With customer satisfaction rising as we come out of the financial slump, many companies will be riding this trend and getting their customer contact in order.

Customer retention is the new black

But let’s begin briefly with the broader picture. Customer service has traditionally been viewed as starting with a negative. The challenge is to use response time and self-help to remove the negative, and begin to use regular contact with customers to enhance a product or service.

Customer service is now intrinsic to customer retention, seen as cheaper and more sustainable than customer acquisition in these difficult economic times. 

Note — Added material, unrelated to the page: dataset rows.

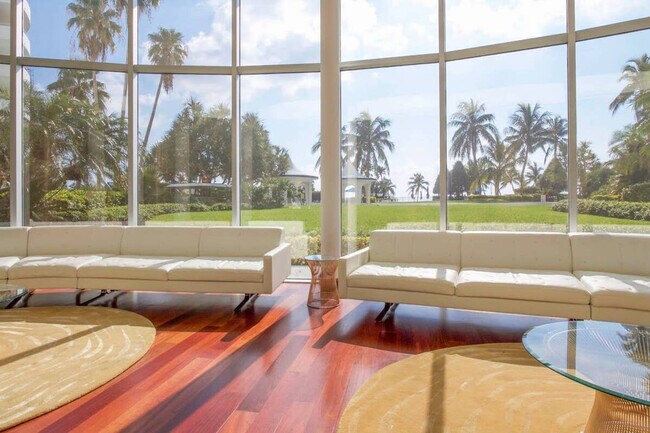 Foto del edificio - 5151 Collins Ave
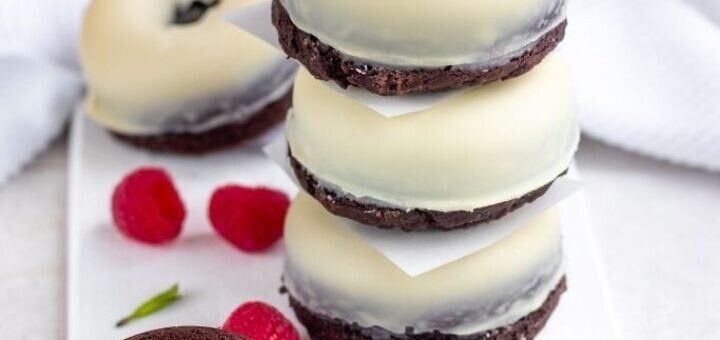 Шоколадные пончики с малиной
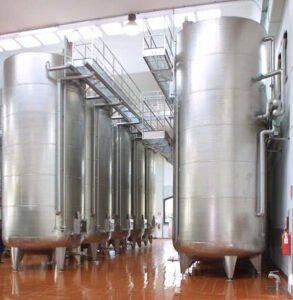 Bên trong nhà máy sản xuất rượu vang Rocca Vini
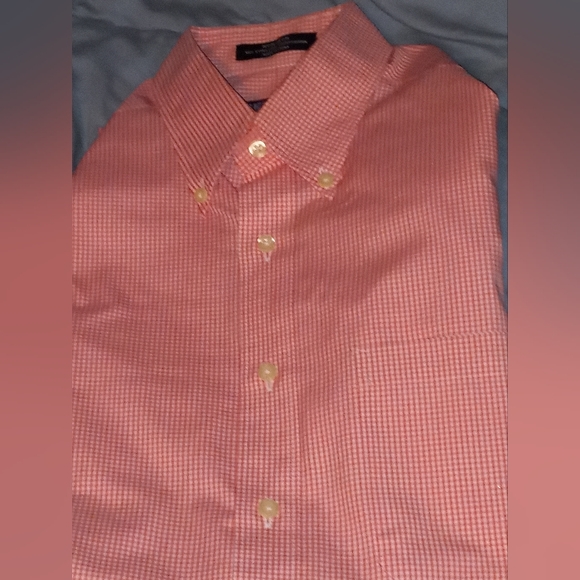 $48 Kirkland Button shirt, size small, tiny red-white plaid, easy care NWOT - Picture 5 of 7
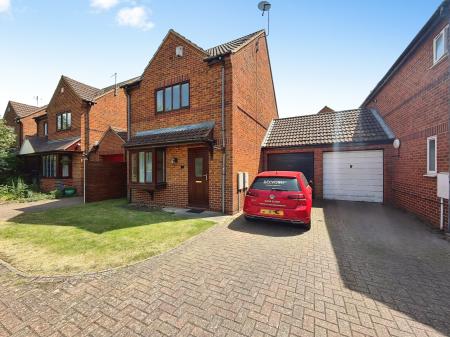 Wadesmill Lane, Caldecotte, Milton Keynes, MK7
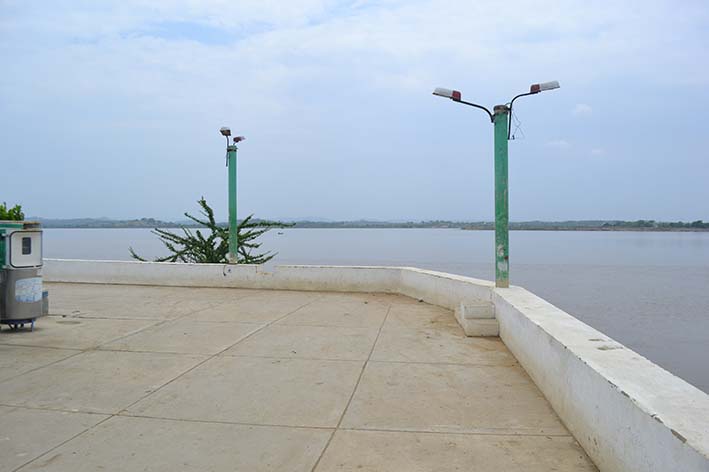 En la plaza municipal ubicada a la orilla del río Magdalena, está el Puerto de Chalupas, el mayor lugar representativo y turístico, allí los visitantes pueden navegar por el afluente y contemplar el paisaje.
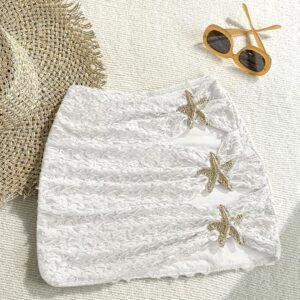 Falda Elegante Blanca con Detalles Dorados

Reasons for the importance of customer service: 

  1. Unless customer questions are variously deferred, siphoned and remedied, the tidal wave of enquiries will cripple your workforce or go unanswered, leaving unsatisfied customers.
  2. Getting it right, giving customers an experience in-keeping with the product you provide, will differentiate you from most of your competitors.
  3. Product development depends on knowledge of your customer base. Without an appreciation of what’s missing, or what’s not working, it’s hard to get that next innovation just right.
  4. Good customer service is likely to swell your marketing efforts, with word of mouth and social mentions increasing as a result of good service. 

With all that out in the open and starting to be taken seriously by lots of companies, self-service is demanded more than ever.

SAAS solutions also the new black

Increasingly, understanding and tackling customer service is being made easier by a variety of SAASs.

Any company that uses tech to communicate with customers can consider a ticketing system, possibly linked to CRM or social CRM, and possibly with addition of a self-help area on site that delivers articles, FAQs and a place for communities to develop.

The platform is no longer a particular supplier, as ‘back in the day’ many companies would rely on a favoured tech vendor. Now the platform is simply the cloud, and more generally the web.  

Who is setting the self-service trend?

Gov.uk

I think of this rightly applauded new site as a giant self-service machine. Granted, most of it is in the form of FAQs and information, rather than forums, live chat etc, but it is done supremely and to avoid costly phone calls.

 

Sky

Sky is the epitomy of a community based around, at times, a complex set of products and technology. Sky’s super users are kept sweet, as they solve a large amount of problems and queries on the Sky Help Forum.

Super users are nvited to meetings and given product access, all to keep them ahead of the game.

On top of this brilliant community, the CMS makes recent relevant info is surfaced, and contact details are still available. Sky will also be using some software to proactively search for brand mentions, and hunt down problems before they get out of control or cause bad PR.

Who is falling behind? 

Arguably, the sectors most associated with aggrieved customers e.g. travel, utilities, telecomms – these have the hardest task when it comes to keeping customers happy.

If, like Sky, they aren’t ahead of the game, the customer backlash is hard to avert when things go wrong. United Airlines is often included in lists of poor customer service, and it’s certainly a company that could benefit from improved resources online. 

What does self-service entail? 

Data to monitor FAQs and response time

Salient data and usable analytics should allow companies to scale their customer service efforts efficiently. 

This can be highlighting a particular user bugbear that is flagged up often, and adding an appropriate FAQ to a help centre. This step is vital in reducing customer contact and allowing them to help themselves. 

Data also means keeping abreast of response time (typically the most important metric for active customer service) and success rate (perhaps a difficult but important metric for self-service).

Branded CMS

Updating the content provided to your customers is vital.

If you are integrating a self-service centre and community into your website, there are a couple of considerations.

  1. The interface should fit with your brand.
  2. The content should be easy to update in-house.

These are often competing needs. More SAAS’s are starting to give the option of customisable help centres. Here’s a shot of CharityWater’s FAQ section:

Mobile

The Nielsen study quoted earlier also shows that in Q2 2013, 26% of self-service users were on mobile compared to 17% during the same period a year earlier.

If mobile usage is only increasing for customer service, you have to be sure your various platforms work for the mobile customer.

Self-service in the round

Support, service and engagement are sides of the same coin. To that end, the three prongs of a help centre are

  • A knowledge base – library of articles and info.
  • A community –the ‘customer service nirvana’ of your customers helping each other.
  • A customer portal – personalised view & history for each customer, to allow them to jump back to previous solutions, contact, billing.

Internal use

Self-service could be thought of as one way to describe parts of working for a company. SAAS’s have come far enough that many companies are solving internal issues such as supply chains or invoice approval with customised ticketing software in the cloud.

Conclusion

So, as self-service is demanded by always-on customers to whom immediacy is all, expect SAAS solutions to proliferate.

As an example, having CRM linked to your social CRM, linked to your ticketing system and website CMS/help centre won’t be an exceptional or messy set-up in future.

It will just be part of the new trade off in data and business – offer your data up to the cloud, and receive some powerful customer-delighting functionality in return.